About 20 million packages of all sizes containing radioactive materials are transported around the world annually on public road, railways and ships.

With the comeback of nuclear power, there is an increasing demand for transportation of radioactive materials.

Wisely, regulations have been in place to strictly control their movement. But the industry is now complaining of bottlenecks and delays.

This is compounded by the fact that, sensibly, fewer and fewer transporters want to deal with the hazardous materials.
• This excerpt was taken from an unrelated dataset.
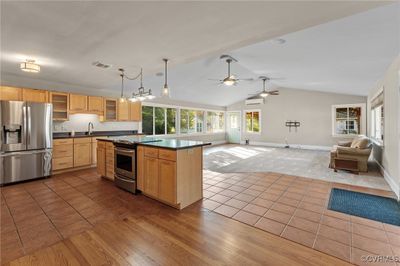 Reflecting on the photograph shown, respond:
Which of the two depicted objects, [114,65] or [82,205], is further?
[114,65]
Moeller Maersk, the world's largest container shipping line measured on vessel capacity, adopted a policy of not shipping radioactive materials in April 2007.

"It is a very complex problem," said Bernard Monot, external relations vice president at the logistics department of the world's biggest maker of nuclear reactors, Areva.

"The shippers complain about the port authorities, who in turn hold the shipping lines responsible and everybody accuses heavy regulations," he says.

So they want the rules cut.

For example in Holland, "It takes around six weeks to receive a permit," according to Pyter Hiemstra, spokesman for SenterNovem, the agency handling permits on behalf of the Dutch Department of Spatial Planning, Housing and Environment.

He said the International Atomic Energy Agency (IAEA) had asked countries to speed this up.

"What we would be looking for is for radioactive to be accepted for transit permission normally with 24 to 48 hours notice," said John Leach, General Manager for Dangerous Cargo, Special Cargo Management at Moeller Maersk.

The Low Carbon Kid argues hat the last thing we need is a relaxing of rule around the transport of radioactive materials. The world is a dangerous enough place as it is.

It is governments and local authorities and port authorities who control these rules. Write to your MP and ask them not to let these rules be relaxed.